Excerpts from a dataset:

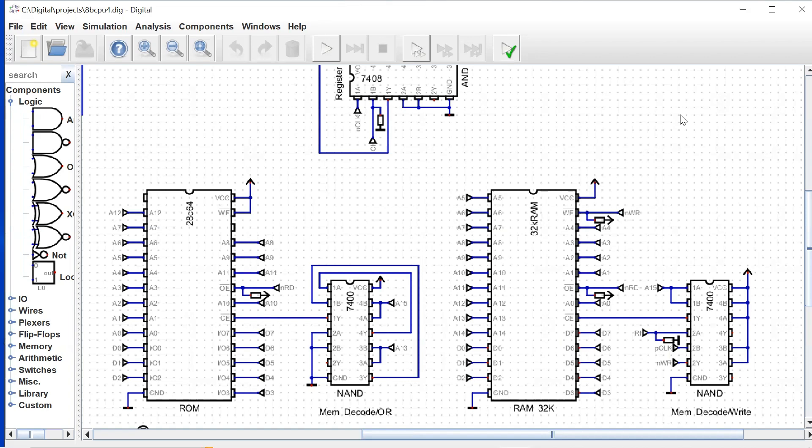And then the video following that we're going to turn the computer on and boot it up and run our first program. So getting close to something more exciting, stick with it, stick with me.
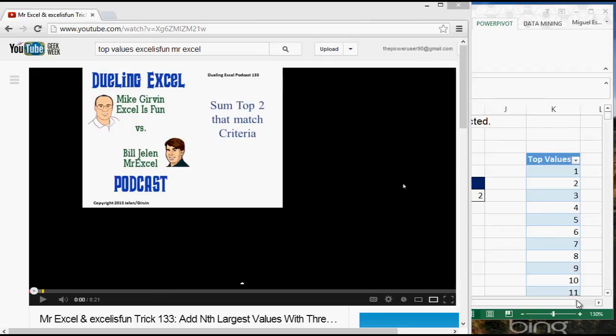Hey and welcome! This is going to be another video response to MrExcel and Excel is Fun. This is going to be a video response to trick 133, which is Add and Sum the Largest Values with three different criteria.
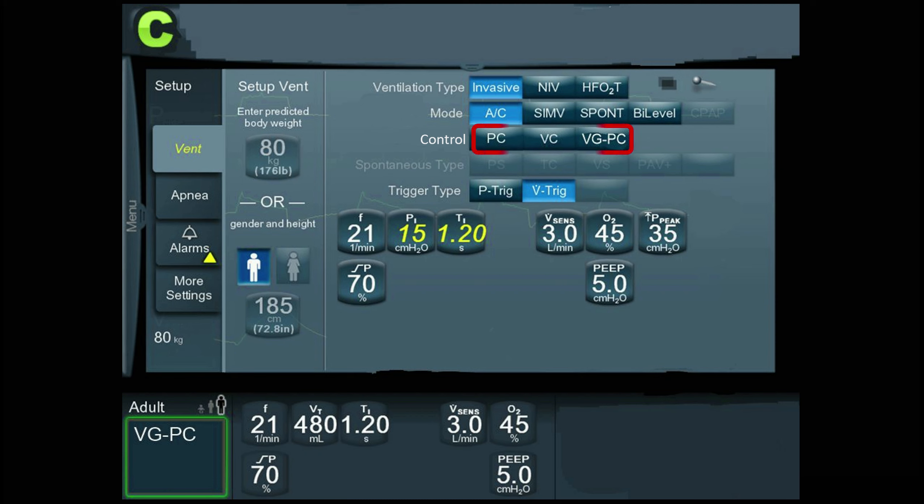On this particular screen, you can see under control there's pressure control, volume control, and volume guaranteed pressure control.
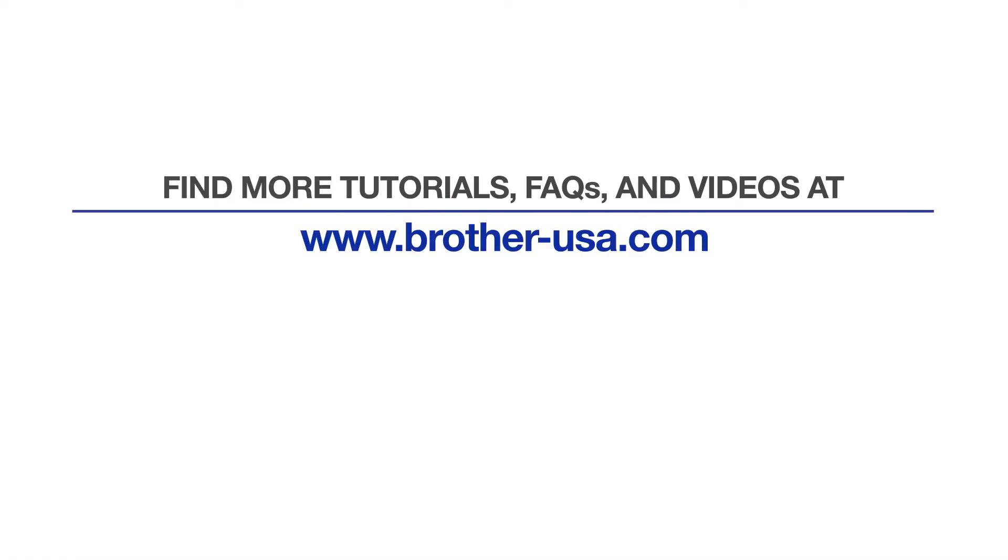For more tutorials, FAQs, and videos, visit us at www.brother-usa.com. If you found this video helpful, be sure to subscribe. Thank you for choosing Brother.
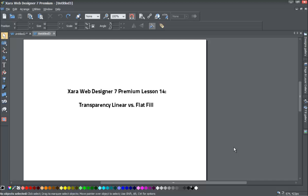Welcome to XR template lesson number 14. In this XR Web Designer 7 Premium tutorial, we'll be going over the transparency tool — specifically how to use a flat field transparency versus a linear field transparency.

- Task -
With pictures left out, repeat exactly the lines from the one containing "On this particular" through the last line of the data above, inclusive, and nothing else.

- Answer below -
On this particular screen, you can see under control there's pressure control, volume control, and volume guaranteed pressure control.
For more tutorials, FAQs, and videos, visit us at www.brother-usa.com. If you found this video helpful, be sure to subscribe. Thank you for choosing Brother.
Welcome to XR template lesson number 14. In this XR Web Designer 7 Premium tutorial, we'll be going over the transparency tool — specifically how to use a flat field transparency versus a linear field transparency.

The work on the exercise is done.